[What needs to be done] Reproduce exactly the lines of the material beneath, from the line that contains "The other thing" to the line that contains "However, instead of", both included, and no other lines.

[Records to use]
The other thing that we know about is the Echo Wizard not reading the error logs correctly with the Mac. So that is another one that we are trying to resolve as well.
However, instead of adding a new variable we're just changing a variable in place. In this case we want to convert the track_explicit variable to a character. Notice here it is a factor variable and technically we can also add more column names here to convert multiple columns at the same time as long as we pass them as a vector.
==
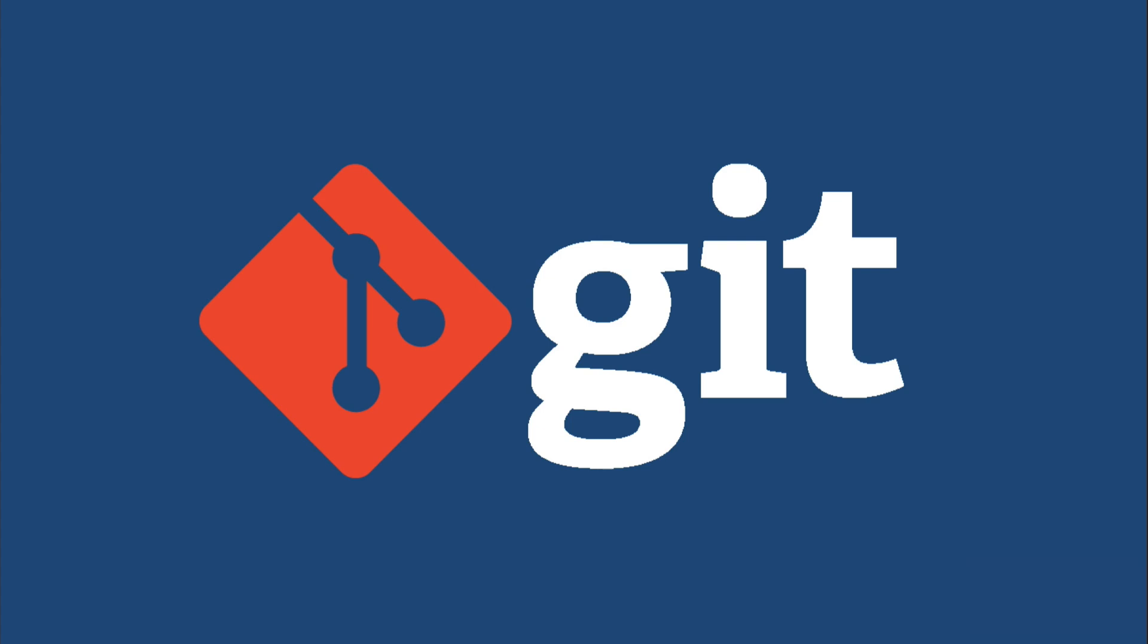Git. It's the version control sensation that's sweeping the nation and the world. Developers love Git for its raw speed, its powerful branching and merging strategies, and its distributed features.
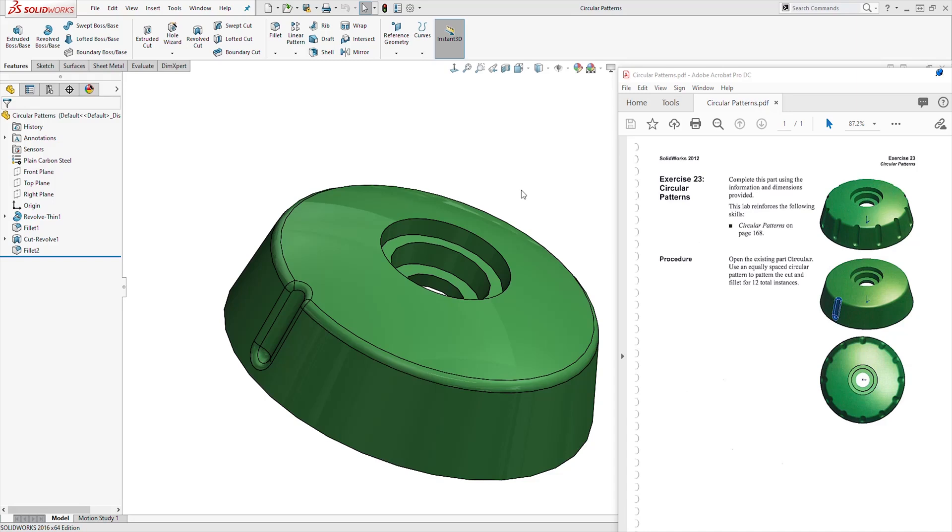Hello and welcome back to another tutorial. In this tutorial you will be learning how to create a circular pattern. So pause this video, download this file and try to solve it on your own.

[Task response]
The other thing that we know about is the Echo Wizard not reading the error logs correctly with the Mac. So that is another one that we are trying to resolve as well.
However, instead of adding a new variable we're just changing a variable in place. In this case we want to convert the track_explicit variable to a character. Notice here it is a factor variable and technically we can also add more column names here to convert multiple columns at the same time as long as we pass them as a vector.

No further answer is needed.